The key first step is defining the role. It feels like I’ve been through a dozen different versions of this, but you always need to call out the major questions:

  • what are they responsible for and what does resourcing look like across the company
  • seniority
  • what special skills this product manager needs
  • what areas can be weaker or growth areas

I always have a kick-off meeting with my interview loop to make sure we don’t repeat questions and we have full coverage. But it also gets us on the same page about seniority and clarifies who is responsible for what. Usually I give each interviewer a couple of specific questions to ask but I always state the one big question I want them to ask (this forms the backbone of the review).

The slots

Hiring manager phone screen: However they get to me as a recruiter qualified candidate1 this is a pot-pourri of standard questions. Big question: does this person stand a solid chance of passing the other slots? The breakdown is about 2/3rd standard questions vs 1/3rd things specific to their resume or the role we’re filling (but mostly a variation taken from a re-usable list of questions)

On-site interviews, or sometimes “on-site” via video are done with 4 subject matter experts + me again:

  • Engineering manager from the eng team that would be working with this PM covers technical ability, experience, culture fit, etc… Big question: Are you excited to have this person on your team?
  • Another product manager covers all the standard aspects of the PM role: planning, sprints, story telling, KPIs etc. Ideally this person is a higher level than the role we’re hiring to help with leveling discussions but I’ve gotten good results here from any PM on any of my teams. Big question: How will this person uplevel our product management team?
  • Product marketing expert to cover all the work with go-to-market teams and how the PM handles downstream teams. Big question: How well does this person understand the world outside of engineering?
  • The specific subject matter expert varies by the role we’re hiring for, but I always add one person to dive deep into their skillset. This person’s specialized knowledge is valuable even if the slot is necessarily harder to calibrate. A PM who’d be working with enterprise customers might be interviewed by the enterprise sales manager whereas one working on an API might get a developer.
  • And finally me again. Up until this point, everyone has hopefully been asking their standard questions and letting me know how their slots went so this slot consists of: clarification on previous slots, any questions that got missed or truncated, specific questions about this person and of course answering their questions (this is often the longest slot). Obviously my big question is hire/no-hire and levelling.

The review meeting

Because everyone has timely and useful notes in the applicant tracking system (ATS) I’m able to… j/k At this point the recruiter and I plead with most of the interviewers who don’t report to me to put something useful in the ATS and we get… inconsistent results.

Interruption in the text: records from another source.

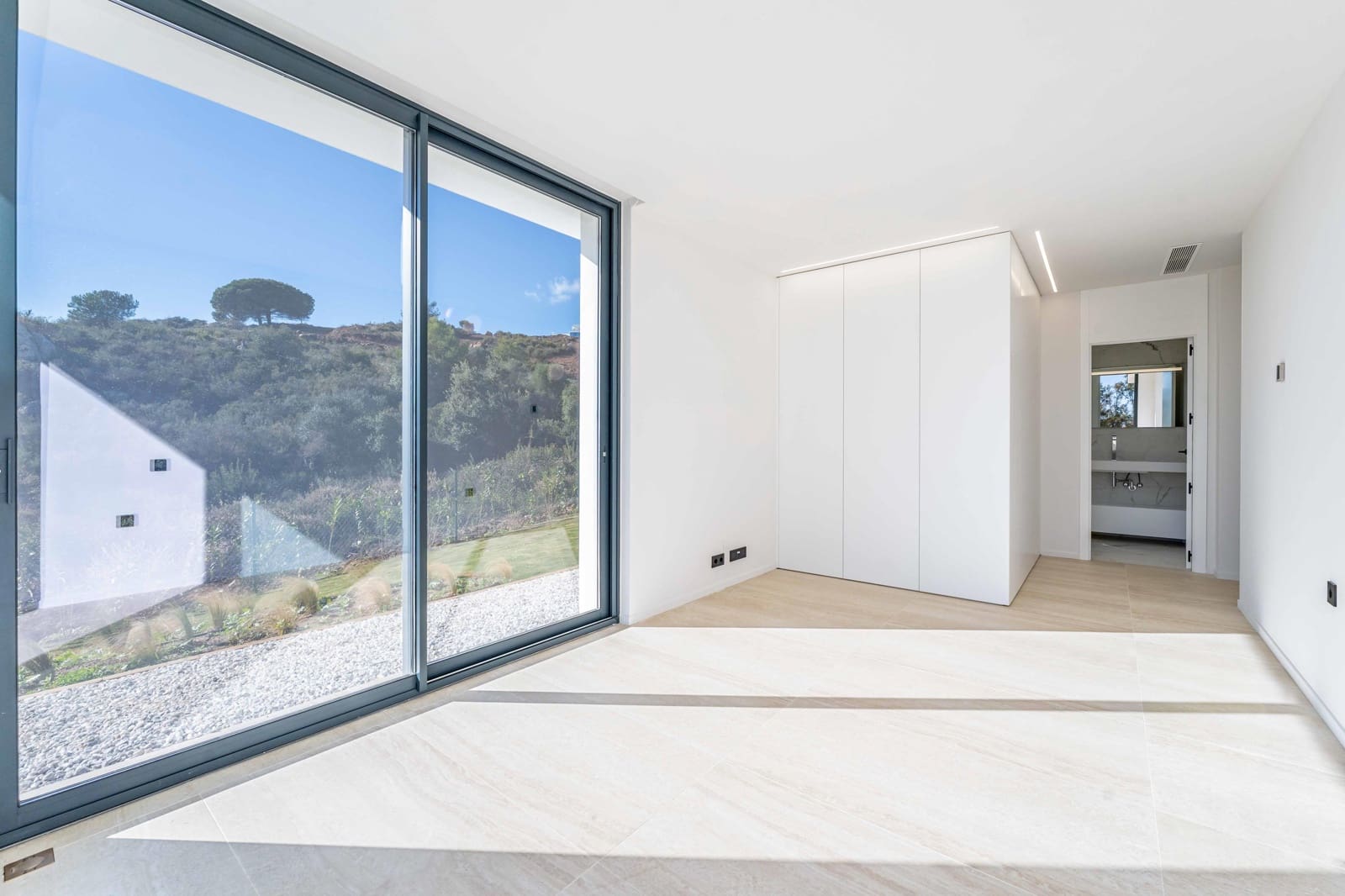 5 bedroom Villa for sale in Sotogrande with pool garage - € 3,350,000 (Ref: 10185219)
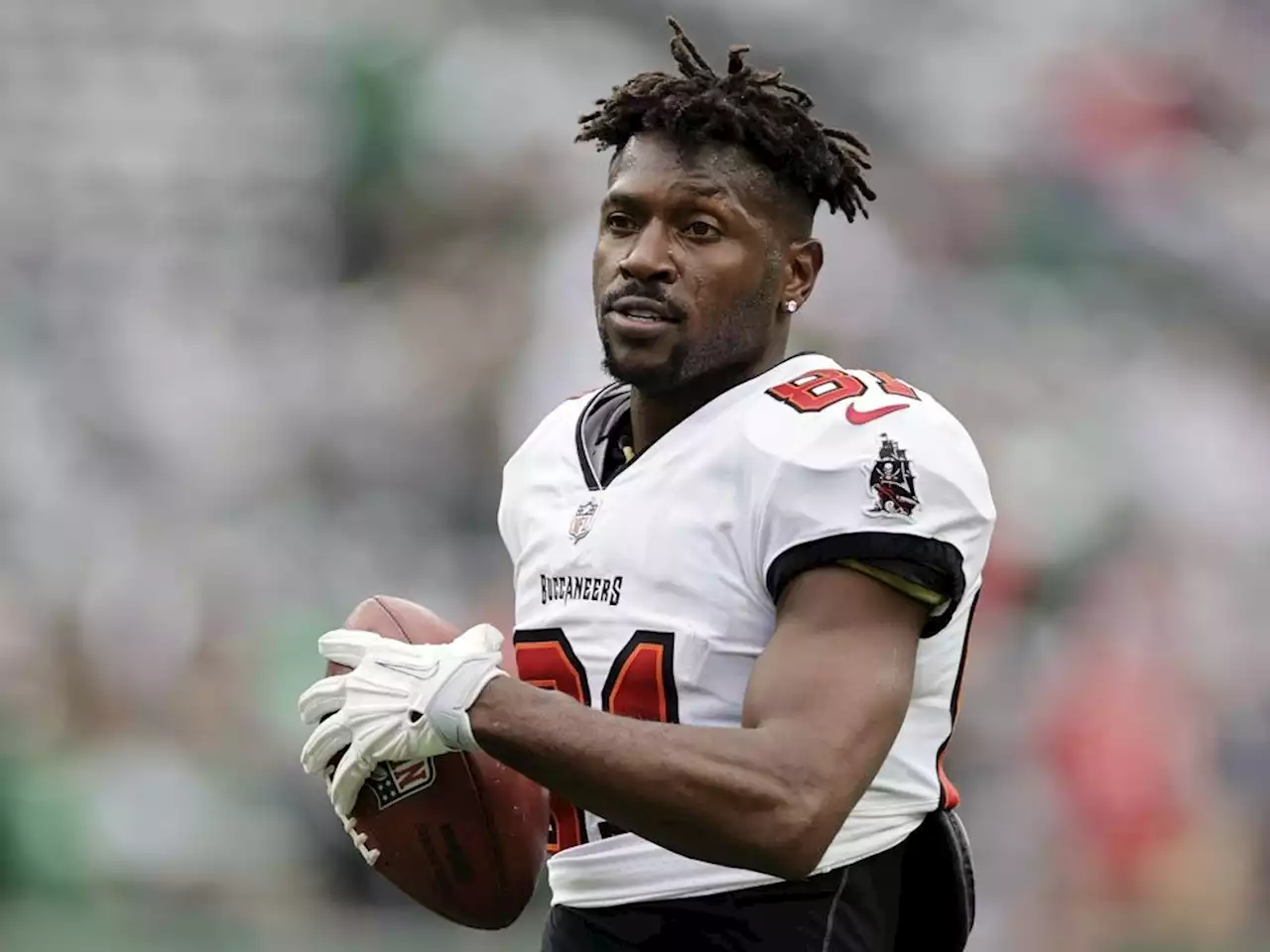 Antonio Brown faces arrest warrant for domestic incident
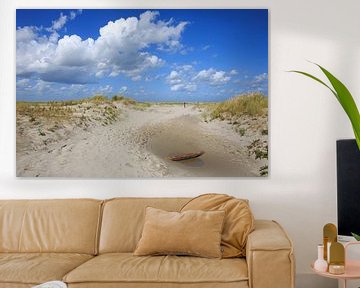 Duinen, zand, blauwe lucht en wolken op strand Ameland van Anja Brouwer Fotografie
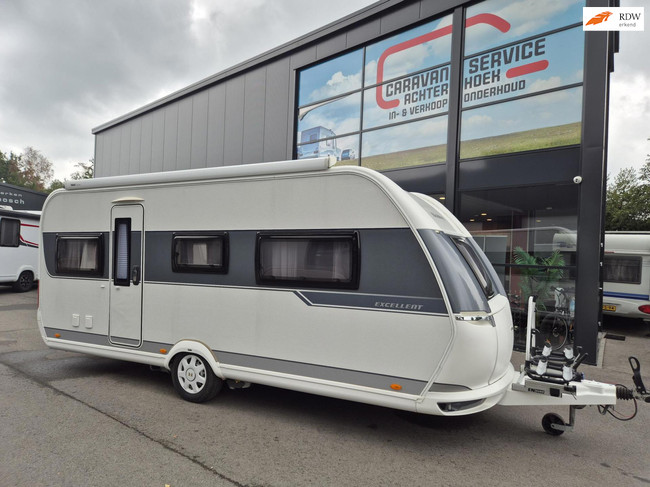 Hobby 540 UFF Nw staat. Queens bed, mover + Thule luifel foto: 0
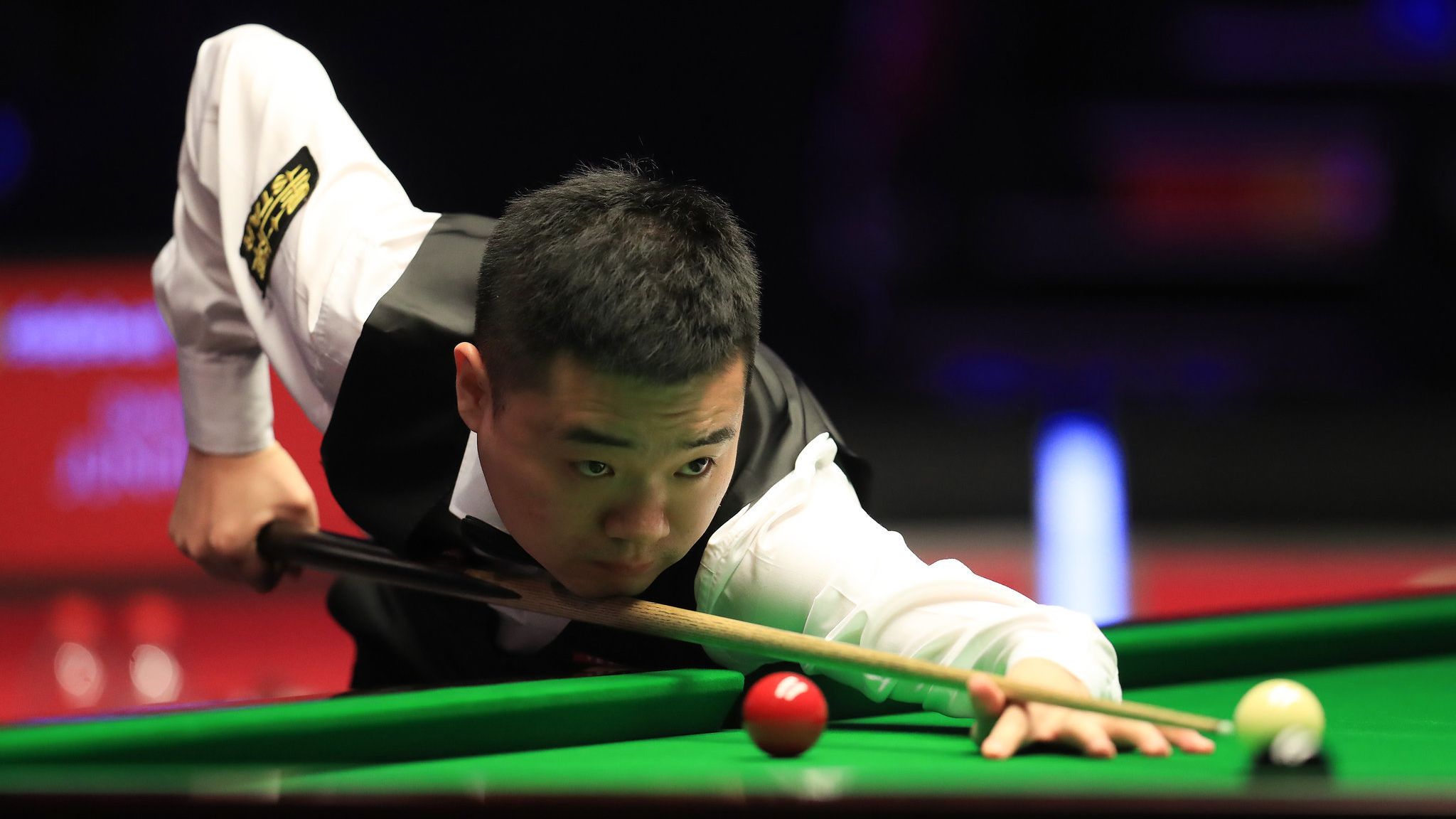 国内外数十 国内外数十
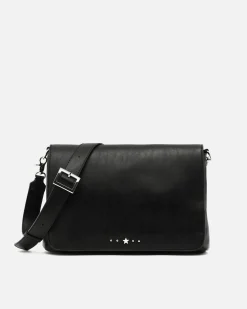 Bolso bandolera con solapa y detalles metálicos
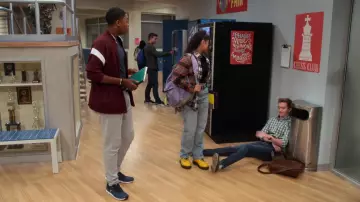 Sur Bleu Baskets portées par Terrell Smith (Brandon Severs) comme on le voit dans Chef de la Classe de la série TV (Saison 1 Épisode 3)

As soon as possible after the interview we have a meeting to review a candidate (or if we’re lucky with timing, multiple candidates). The structure of the meeting goes is always the same:

  • I review the criteria for the candidate, what we’re looking for and levelling2 but try very hard not to give any of my thoughts on this candidate
  • All the other interviewers go in chronological order (we sometimes build on previous slots), when they’re done I ask them their big questions
  • Me again: a lot of “what I’ve heard from you” and a little “what I heard from them” with a dash of evaluation.
  • Usually it’s obvious where we’re going but I specifically announce one of: hire/no-hire/pending-more-information

A few other things can happen too:

  • Sometimes we tweak the on-site questions based on what we’ve learned
  • Occasionally there’s pushback on the decision but we hash it out as best we can
  • Very rarely we debug how a candidate got past the phone screen and tweak that part

We hire

Naturally everyone says yes to the first offer and this part is easy :)

Footnotes

  1. This isn’t an official term, but up until this point candidates go through a different process if they are applying via the web vs one my recruiter sourced vs an internal referral vs an internal transfer candidate. Starting now everyone gets treated exactly the same — even someone I’ve worked with before gets the exact same Qs.

  2. The reason I talk about leveling so much is that you can easily have a senior candidate come across as a great if the interviewer is calibrated for junior or vice versa.